Belum lama tadi, Indonesia kedatangan ulama besar asal Yaman, Habib Umar bin Hafidz. Kedatangan beliau disambut suka cita para murid dan pecintanya di berbagai daerah termasuk di dua tempat di Kalimantan, Samarinda dan Batulicin. Itu terlihat dari banyaknya orang yang berhadir di majelis beliau.

Siapa Habib Umar bin Hafidz? Anda bisa googling jawabannya. Namun jika tak ingin berpayah-payah, anda bisa percaya saja apa kata saya.

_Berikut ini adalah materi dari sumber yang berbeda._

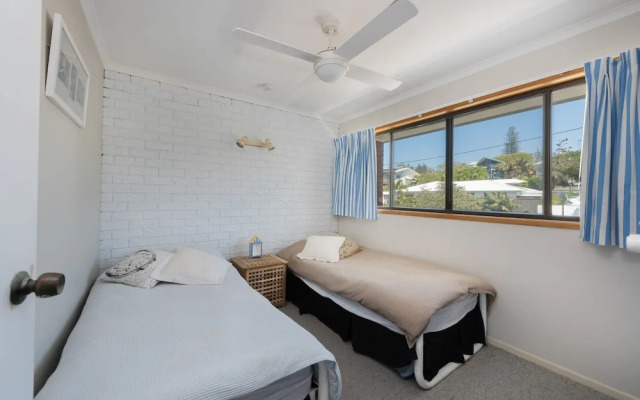 A Beach Break - 1/90 Lorikeet Drive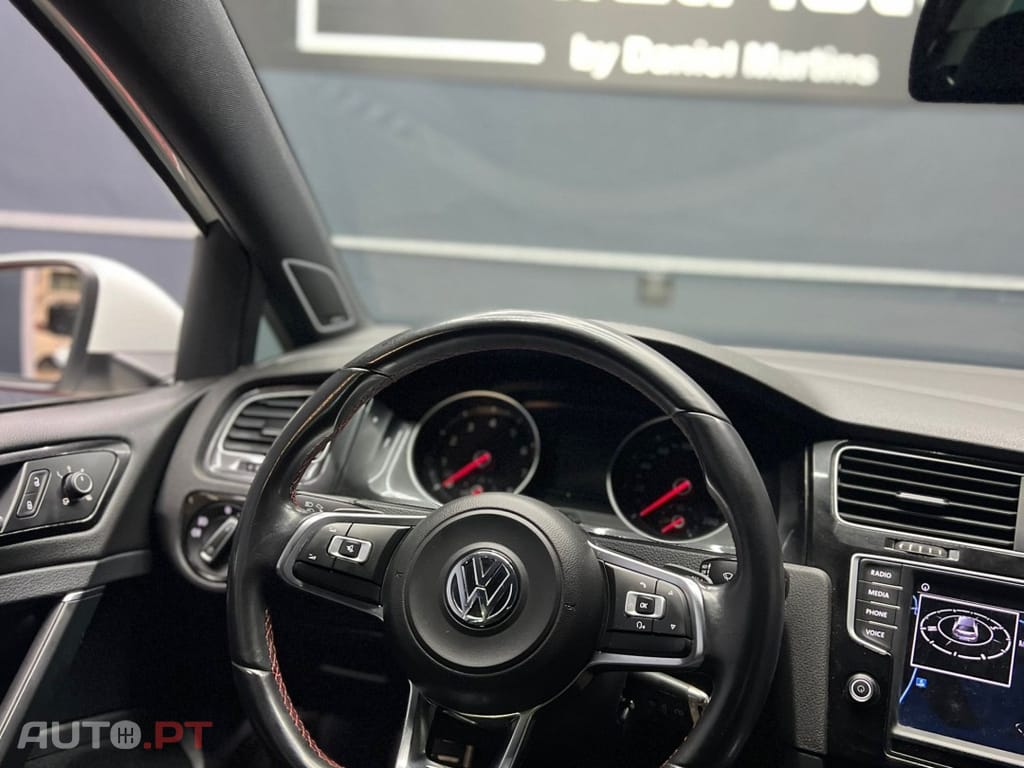 Volkswagen Golf 2.0 TSi GTi DSG Performance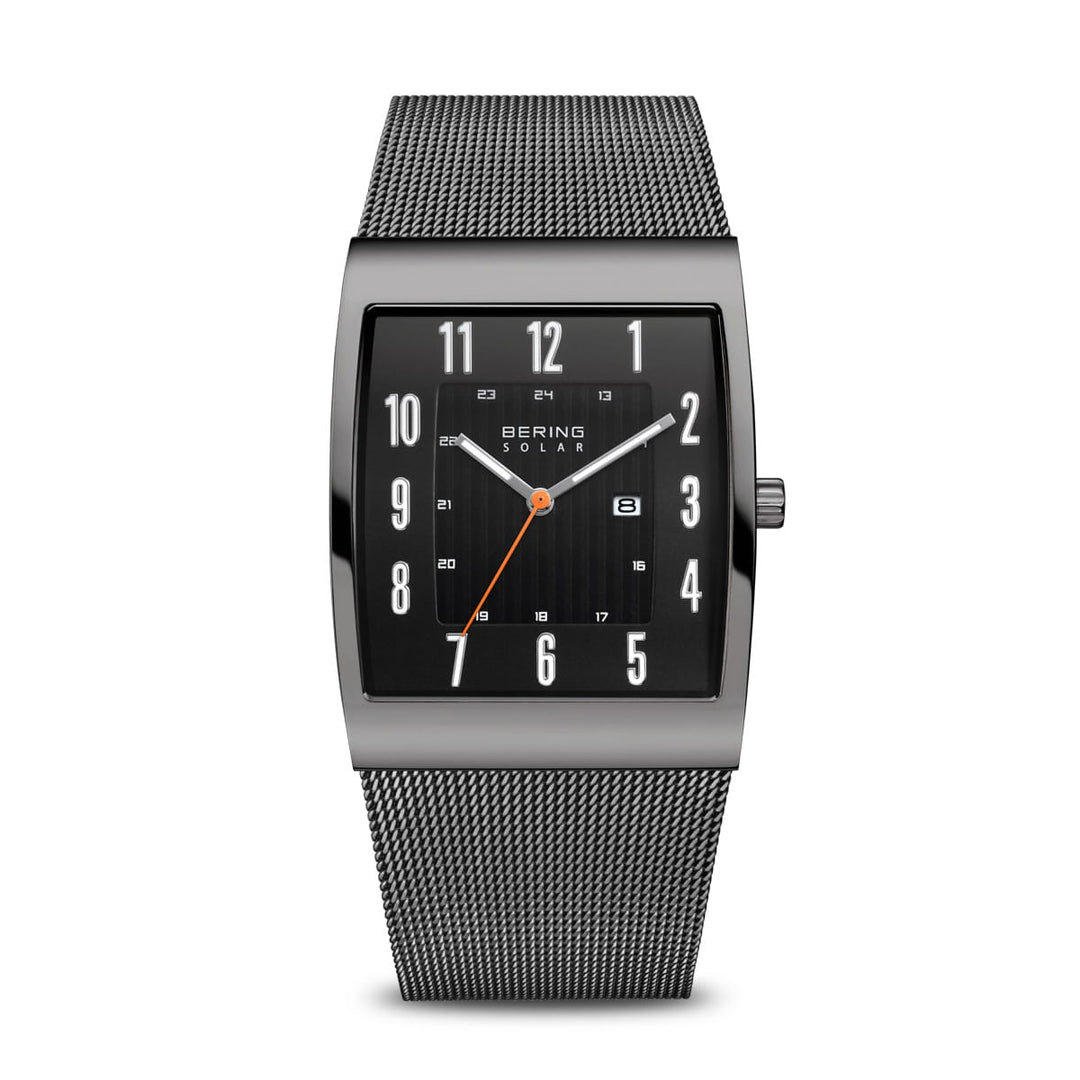 Het Bering 16433-377 horloge op zonne-energie heeft een moderne rechthoekige zwarte wijzerplaat met witte cijfers en een oranje secondewijzer. Het bevat een datumvenster op 3 uur en wordt geleverd met een stijlvolle mesh metalen band.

Beliau adalah seorang ulama besar dengan murid yang tersebar di berbagai belahan dunia dan dipercaya sebagai orang yang dipenuhi barokah.

Kesempatan bertemu beliau yang langka itu sayang jika diabaikan begitu saja -begitu ungkapan para pecinta sebelum kedatangan beliau-. Sehingga sebelum hadir di majelis beliau yang jaraknya lumayan jauh bagi sebagian orang, mereka gunakan untuk menyiapkan “bekal”. Bekal kekosongan waktu, juga kekosongan gelas kepala. Sebagaimana seorang murid, apabila ingin menemui gurunya, dia mengosongkan gelas kepalanya agar bisa dituangi pancaran ilmu yang bermanfaat untuknya. Kantong nggak usah dikosongin, bro.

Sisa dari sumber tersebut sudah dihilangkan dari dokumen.